A method according to claim 3, wherein a density of NOx (nitrogen oxide) component of the pressurized gas is measured as the measured combustion conditin, the desired combustion condition is a desired density of NOx component of the pressurized gas, and in each of the combustors, the rate of the amount of air supplied into the combustor by the second air supply means in relation to the amount of combustion air supplied into the combustor by the first air supply means is increased when the measured NOx density of the pressurized gas is higher than the desired NOx density of the pressurized gas.
A method according to claim 3, wherein a density of CO (carbon monoxide) component of the pressurized gas is measured as the measured combustion condition, the desired combustion condition is a desired density of CO component of the pressurized gas, and in each of the combustors, the rate of the amount of air supplied into the combustor by the second air supply means in relation to the amount of combustion air supplied into the combustor by the first air supply means is decreased when the measured CO density of the pressurized gas is higher than the desired CO density of the pressurized gas.

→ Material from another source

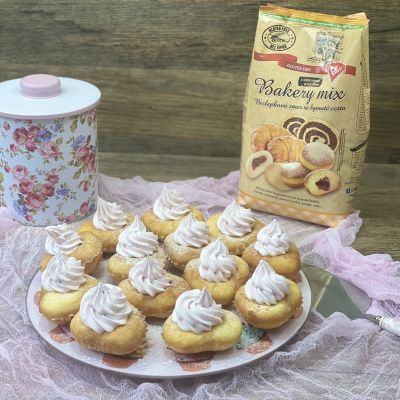 Gluténmentes kovászos fánk fehérjehabbal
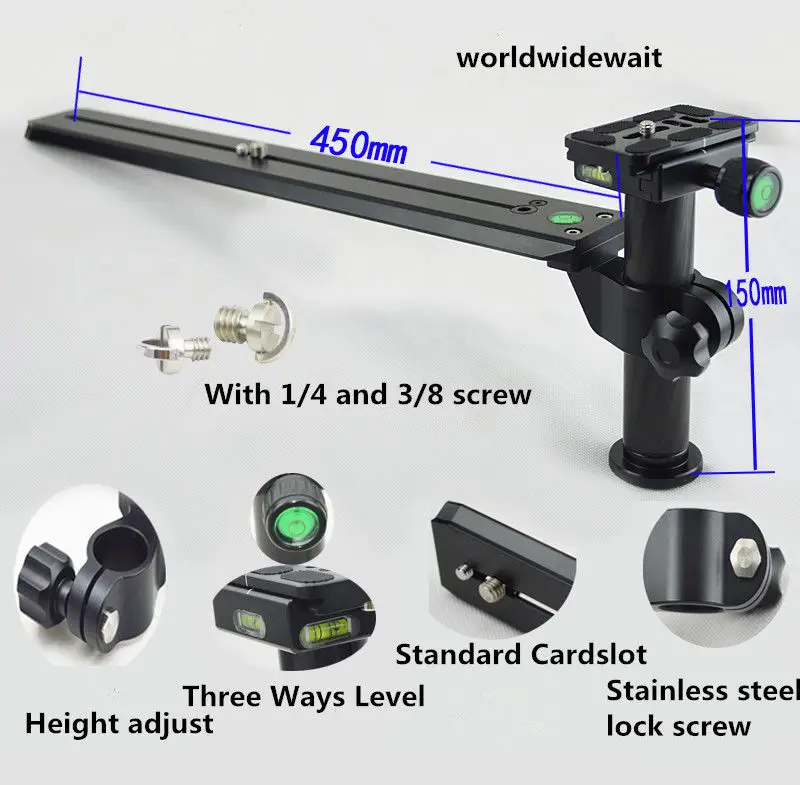 LS-400 Long Rail Plate + Telephoto Zoom Lens Holder Support Bracket For Tripod LS-400 Long Rail Plate + Telephoto Zoom Lens Holder Support Bracket For Tripod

A method according to claim 4, wherein the desired combustion condition is an average combustion conditin of the measured combustion conditions of all of the combustors.
A method according to claim 4, wherein the desired combustion condition is an average combustion condition of the measured combustion conditions of at least two of the combustors other than the combustor where the difference is being measured.
A device for controlling a plurality of combustors supplying a pressurized gas to a gas turbine, each of which combustors includes a first air supply means for supplying a combustion air into the combustor and a second air supply means for adjusting an amount of air supplied into the combustor to change a combustion condition in the combustor, comprises:
means for measuring the combustion condition of each of the combustors,
means for measuring a difference between the measured combustion condition of each of the combustors and a desired combustion condition, and
means for changing a rate of the amount of air supplied into the combustor by the second air supply means in relation to an amount of combustion air supplied into the combustor by the first air supply means in each of the combustors according to the measured difference of each of the combustors to change the combustion condition of each of the combustors so taht the combustion conditions of the combustors are changed to the desired combustion condition.
A device according to claim 15, wherein the first air supply means supplies the combustion air for a diffusion combustion, and the second air supply means supplies the combustion air for a premixed combustion.
A device according to claim 15, wherein the first air supply means supplies the combustion air for a diffusion combustion, and the second air supply means supplies an additional air to be added into the pressurized gas generated by the diffusion combustion.
A device according to claim 15, wherein the means for measuring the combustion condition measures a temperature of the pressurized gas.
A device according to claim 15, wherein the means for measuring the combustion condition measures a density of a component of the pressurized gas.
A device according to claim 15, wherein the desired combustion condition is an average combustion condition of the measured combustion conditions of at least two of the combustors.